Pemerintah kembali mengatur skema pemberian gaji ke-13 tahun 2026 dengan ketentuan yang berbeda antara ASN dan pegawai non-ASN.
Kebijakan ini bertujuan menjaga keseimbangan anggaran negara sekaligus tetap memberikan dukungan terhadap kesejahteraan aparatur dan pegawai di instansi pemerintah.
Dasar Aturan Gaji ke-13 2026
Ketentuan mengenai gaji ke-13 diatur dalam Peraturan Pemerintah Nomor 9 Tahun 2026.
Dalam aturan tersebut juga dijelaskan batas maksimal pemberian tunjangan hari raya (THR) dan gaji ke-13, khususnya bagi pegawai non-ASN di lembaga pemerintah, termasuk lembaga nonstruktural dan perguruan tinggi negeri.
Berdasarkan beleid tersebut, gaji ke-13 dijadwalkan mulai dibayarkan paling cepat pada Juni 2026. Informasi ini dilansir dari laman kompas.com
Perbedaan Skema ASN dan Non-ASN
Dalam kebijakan ini, terdapat perbedaan signifikan antara ASN dan non-ASN:
- ASN (PNS, PPPK, TNI, Polri) menerima gaji ke-13 secara penuh setara satu kali penghasilan
- Non-ASN menerima gaji ke-13 dengan batas maksimal sesuai ketentuan yang telah ditetapkan pemerintah
Komponen gaji ke-13 bagi ASN meliputi:
- Gaji pokok
- Tunjangan keluarga
- Tunjangan pangan
- Tunjangan jabatan atau umum
- Tunjangan kinerja
Ketentuan Khusus untuk PPPK
Bagi PPPK, perhitungan gaji ke-13 disesuaikan dengan masa kerja.

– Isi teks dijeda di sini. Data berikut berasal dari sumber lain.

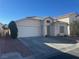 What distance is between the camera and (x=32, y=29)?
1182 inches

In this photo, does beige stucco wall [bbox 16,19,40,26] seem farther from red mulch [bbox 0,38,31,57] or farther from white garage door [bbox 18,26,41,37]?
red mulch [bbox 0,38,31,57]

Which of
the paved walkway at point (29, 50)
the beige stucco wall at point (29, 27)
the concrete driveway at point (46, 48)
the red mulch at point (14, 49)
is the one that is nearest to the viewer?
the paved walkway at point (29, 50)

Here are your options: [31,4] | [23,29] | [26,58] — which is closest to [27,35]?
[23,29]

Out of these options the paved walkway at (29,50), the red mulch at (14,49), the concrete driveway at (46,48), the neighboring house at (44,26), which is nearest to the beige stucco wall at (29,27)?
the neighboring house at (44,26)

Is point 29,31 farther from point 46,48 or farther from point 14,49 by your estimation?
point 14,49

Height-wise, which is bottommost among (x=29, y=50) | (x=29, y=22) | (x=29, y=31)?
(x=29, y=50)

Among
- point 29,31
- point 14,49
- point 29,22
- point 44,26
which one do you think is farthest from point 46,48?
point 44,26

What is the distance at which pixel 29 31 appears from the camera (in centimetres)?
2962

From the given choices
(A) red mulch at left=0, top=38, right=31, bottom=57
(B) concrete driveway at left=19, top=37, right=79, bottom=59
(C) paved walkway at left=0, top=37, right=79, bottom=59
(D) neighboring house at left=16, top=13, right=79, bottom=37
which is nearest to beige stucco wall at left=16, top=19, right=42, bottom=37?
(D) neighboring house at left=16, top=13, right=79, bottom=37

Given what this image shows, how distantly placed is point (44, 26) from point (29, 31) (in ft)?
11.1

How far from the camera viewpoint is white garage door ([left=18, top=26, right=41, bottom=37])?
28.5 metres

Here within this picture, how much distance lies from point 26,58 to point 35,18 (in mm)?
18963

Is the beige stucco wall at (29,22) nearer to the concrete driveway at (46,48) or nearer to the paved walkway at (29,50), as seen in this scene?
the concrete driveway at (46,48)

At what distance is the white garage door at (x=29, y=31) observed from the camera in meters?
28.5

Jika masa kerja belum mencapai satu tahun, maka pembayaran dilakukan secara proporsional.
Sementara itu, PPPK yang masa kerjanya belum genap satu bulan sebelum 1 Juni 2026 tidak berhak menerima gaji ke-13.
Rincian Gaji ke-13 untuk Pimpinan dan Pejabat
Besaran gaji ke-13 untuk pimpinan dan pejabat di lembaga nonstruktural telah ditetapkan dalam lampiran peraturan, di antaranya:
- Ketua/Kepala: sekitar Rp31,4 juta
- Wakil Ketua: sekitar Rp29,6 juta
- Sekretaris/Anggota: sekitar Rp28,1 juta
Untuk pejabat struktural:
- Eselon I: sekitar Rp24,8 juta
- Eselon II: sekitar Rp19,5 juta
- Eselon III: sekitar Rp13,8 juta
- Eselon IV: sekitar Rp10,6 juta
Besaran Gaji ke-13 Berdasarkan Pendidikan Non-ASN
Bagi pegawai non-ASN, besaran gaji ke-13 juga disesuaikan dengan jenjang pendidikan dan masa kerja:
- SD–SMP: Rp4,2 juta – Rp5 juta
- SMA–D1: Rp4,9 juta – Rp5,8 juta
- D2–D3: Rp5,4 juta – Rp6,5 juta
- D4/S1: Rp6,5 juta – Rp7,8 juta
- S2–S3: Rp7,7 juta – Rp9 juta
Tujuan Kebijakan Gaji ke-13
Pemerintah berharap kebijakan ini dapat membantu menjaga daya beli masyarakat, khususnya di pertengahan tahun.
Selain itu, pemberian gaji ke-13 juga diharapkan mampu mendorong konsumsi domestik tanpa mengganggu stabilitas keuangan negara.
Kesimpulan
Gaji ke-13 tahun 2026 akan mulai dicairkan pada Juni dengan skema yang telah disesuaikan antara ASN dan non-ASN.
ASN menerima penuh sesuai komponen penghasilan, sementara non-ASN mengikuti batas maksimal yang ditetapkan.
Dengan aturan yang jelas dan terukur, kebijakan ini diharapkan mampu meningkatkan kesejahteraan sekaligus menjaga stabilitas ekonomi nasional.